To the east of the Tibetan Plateau lies the deep Sichuan Basin (figure 3). Thick conglomerates that were likely shed to the east from the rise of the eastern Tibetan Plateau (Vern Bissell, personal communication) lie on the western edge. Figure 5 shows this gravel along a hiking trail to Mount Qingcheng, Sichuan, China.


It is likely long transported gravels are common around most mountains of the world. In the United States, the gravel is often transported many hundreds of kilometers away from their mountain source. Unlike the United States, the south-central Asia gravels are piled up the thickest in front of the mountains and thin out toward the basin centers. This pattern likely formed because the basins are relatively isolated by mountain ranges relatively close to each other. It also seems like the deepest paleovalleys are adjacent to the mountain front, the location of the mountain range bounding fault, and would catch the majority of the cobbles and boulders shed during uplift.

That the conglomerate can be several thousand meters thick and consist of a sheet hundreds and thousands of kilometers long implies sheet deposition. The sheet pattern is consistent with the Retreating Stage of the Flood as the mountains rose and the intervening basins sank, just as stated in Psalm 104:6–9.1,3 If streams and rivers issuing from the mountain front deposited the gravels, then the gravel would accumulate locally. And just as Oberlander pointed out above, the idea of streams depositing all this gravel seems preposterous. So, the pattern of gravel accumulation around the mountains of south-central Asia provides more evidence for the global extent of the Retreating Stage of the Flood.

Huge deposits of fine-grained sediment have been deposited east of the high mountains of Tibet and western China. Much of this material is considered loess (windblown silt). One large area in central China is called the Loess Plateau;51 the loess being over 150 m thick. There is a large literature on this loess, the top of which is reworked by occasional strong winds today. Chinese loess is beyond the scope of this article, but there is so much of it that it could easily represent the fine-grained pulverized rocks shed from the rising mountains and transported long distances into central and eastern China as the Flood currents drained eastward off the high mountains.

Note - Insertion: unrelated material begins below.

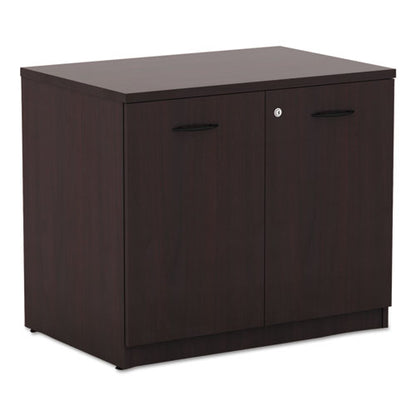 Alera Valencia Series Storage Cabinet, 34.13w X 22.78d X 29.5h, Mahogany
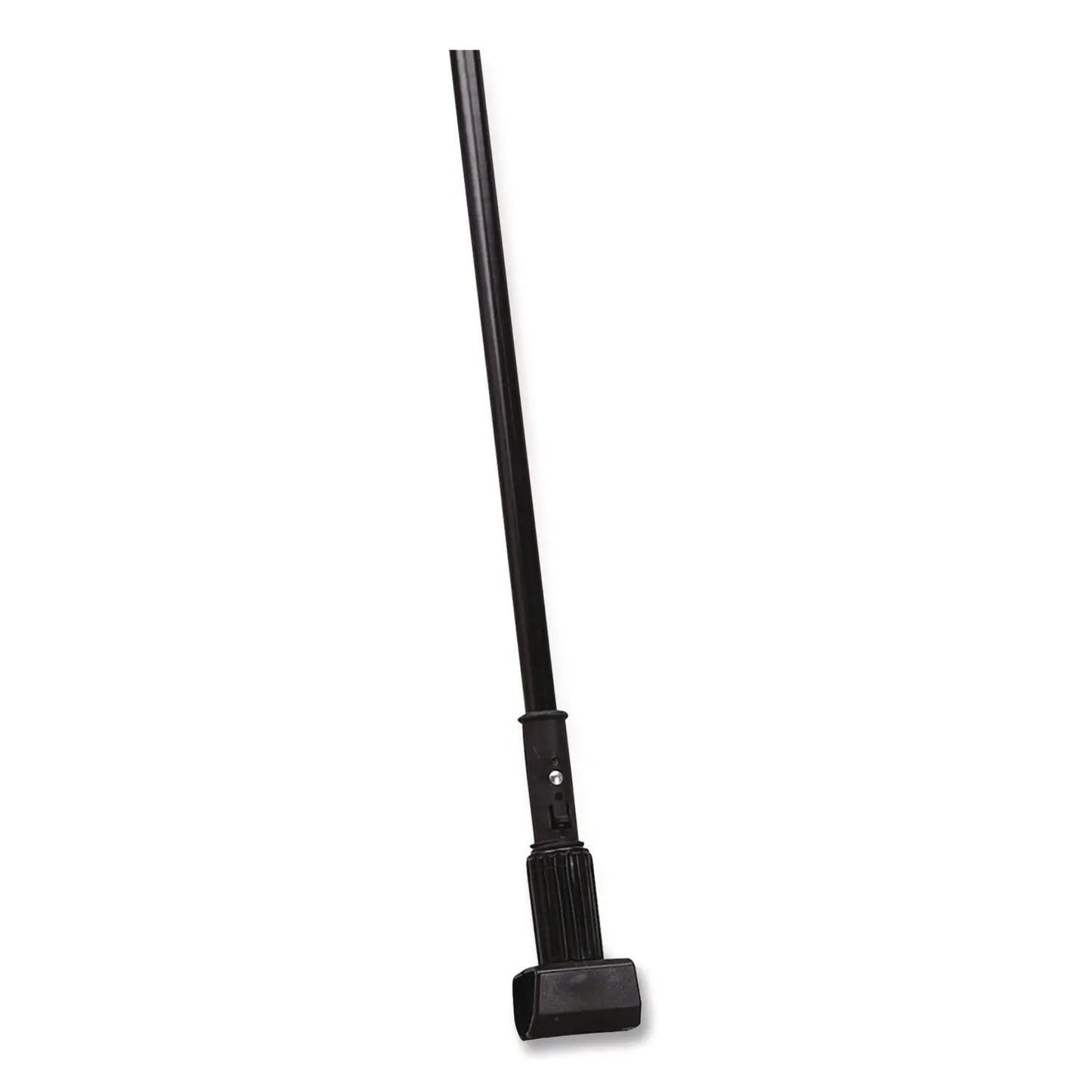 CFS3697000 Vinyl Coated Jaw Style Metal Mop Handle, 1" dia x 60", Black Carlisle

Further implication for the Flood/post-Flood boundary

I could not help but notice in this study that the mountain uplifts and the accumulations of thick sheet gravels is dated to the late Cenozoic. This seems to be a pattern all over the world in the late Cenozoic.52 Furthermore, the conglomerate is often rounded by water action and consolidated, indicating that water was running off the mountains and transporting the coarse gravel long distances. The pattern fits the Retreating Stage of the Flood so well, both in south-central Asia and in the United States, that the only conclusion that I can come up with is that the late Cenozoic in these areas is from the Flood. Therefore, the Flood/post-Flood boundary would be in the very late Cenozoic, assuming the geological column for sake of argument.

Creationists who believe the Cenozoic or late Cenozoic is post-Flood must postulate that most of the south-central Asian mountains were uplifted and eroded by water to deposit very thick sheets of conglomerate around the mountains—all after the Flood. It is not only the violent activity after the Flood that must be explained, but also how sheet gravels accumulated after the Flood. Such sheet deposition implies sheet flow, which does not seem possible on the continents after the Flood, let alone at the highest post-Flood altitudes. I have found much geological data that Cenozoic strata fit the expected pattern during the Retreating Stage in many places on the continents.3,53 There are significant challenges to this view from Cenozoic paleontology and biogeography. However, there are many unknowns in these fields. Regardless, how can all this Cenozoic geological activity have happened after the Flood?

According to plate tectonics and catastrophic plate tectonics (CPT), India is supposed to collide and cause all the tectonics of south-central Asia in the Cenozoic. If the CPT model is accurate, one would expect that such long-traveled plates—not only the one that caused India to crash into Asia, but also all plate movement during the Cenozoic—would have manifested during the Flood. So, even if we assume the geologic column and plate tectonics, long-distance plate movement would be another indication that the Cenozoic is not post-Flood, at least in most locations.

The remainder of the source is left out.